**What is needed**
Quote the entries below from the line with "Tommy Hilfiger TH" through the line with "4609 Madella St, Haltom", both ends included, and only those lines.

────

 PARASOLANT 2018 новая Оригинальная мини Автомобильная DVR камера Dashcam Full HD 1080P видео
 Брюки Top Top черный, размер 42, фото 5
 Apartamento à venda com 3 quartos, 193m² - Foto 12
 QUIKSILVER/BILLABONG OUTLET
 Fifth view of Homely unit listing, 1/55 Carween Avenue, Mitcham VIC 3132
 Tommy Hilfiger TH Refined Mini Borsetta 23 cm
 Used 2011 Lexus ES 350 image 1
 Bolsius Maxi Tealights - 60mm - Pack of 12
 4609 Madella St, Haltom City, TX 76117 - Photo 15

────

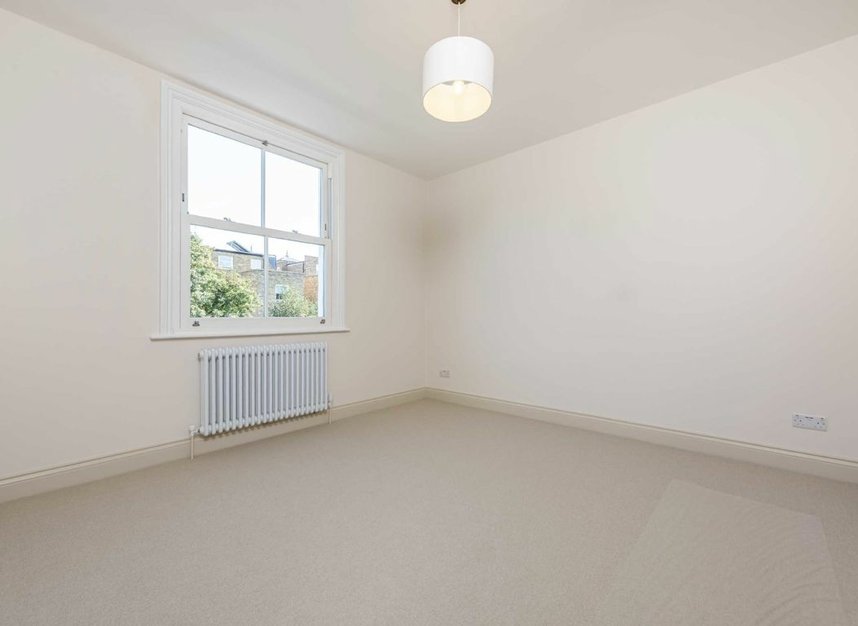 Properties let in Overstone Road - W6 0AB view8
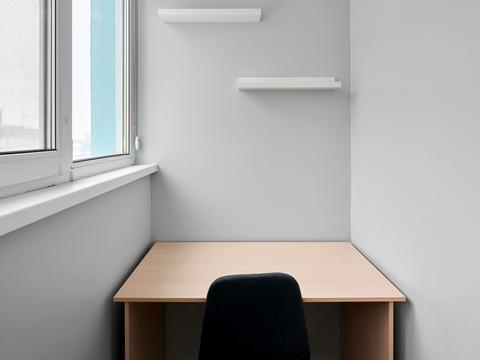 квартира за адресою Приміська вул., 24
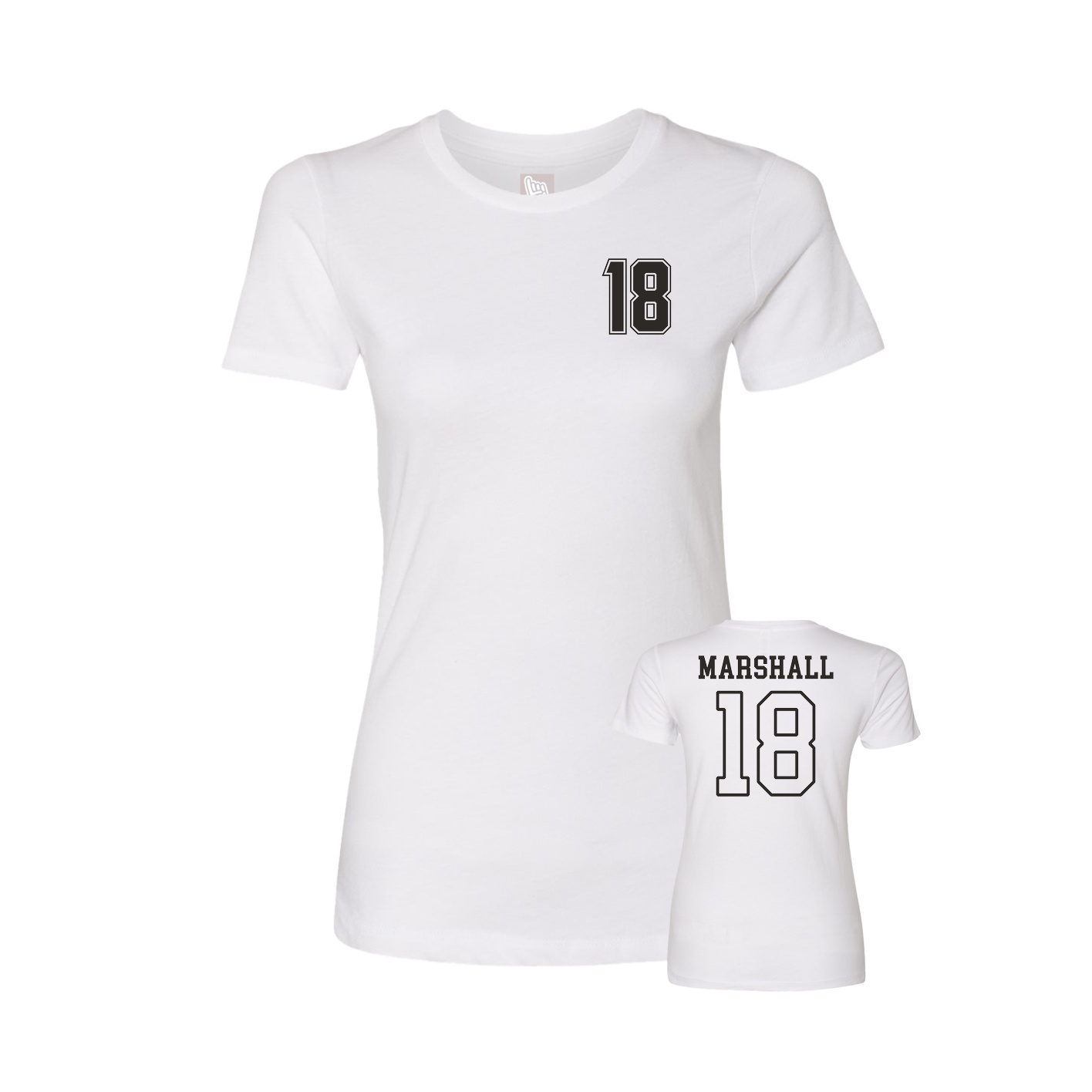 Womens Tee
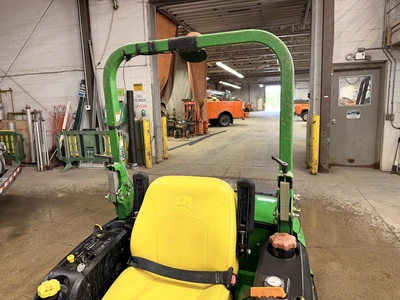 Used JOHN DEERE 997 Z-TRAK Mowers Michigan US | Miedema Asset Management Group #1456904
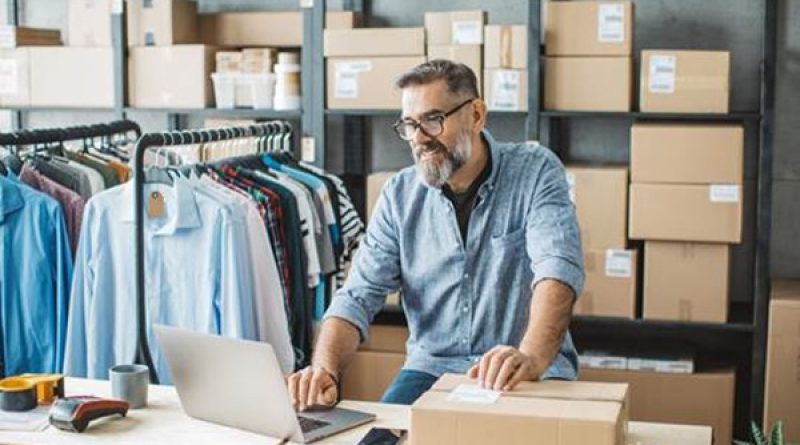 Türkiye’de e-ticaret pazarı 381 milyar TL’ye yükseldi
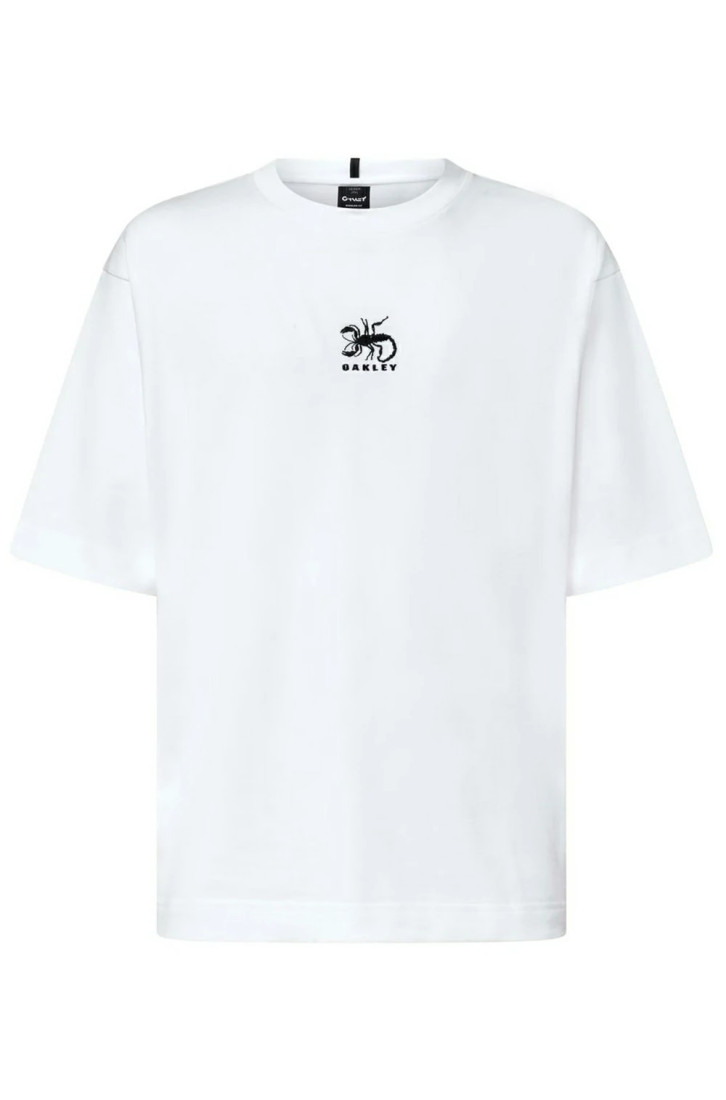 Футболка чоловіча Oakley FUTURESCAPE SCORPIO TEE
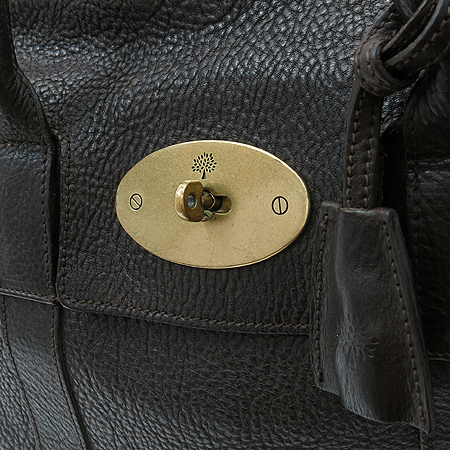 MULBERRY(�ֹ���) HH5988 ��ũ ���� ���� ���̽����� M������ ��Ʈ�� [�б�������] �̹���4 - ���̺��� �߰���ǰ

────

**Solution**
 Tommy Hilfiger TH Refined Mini Borsetta 23 cm
 Used 2011 Lexus ES 350 image 1
 Bolsius Maxi Tealights - 60mm - Pack of 12
 4609 Madella St, Haltom City, TX 76117 - Photo 15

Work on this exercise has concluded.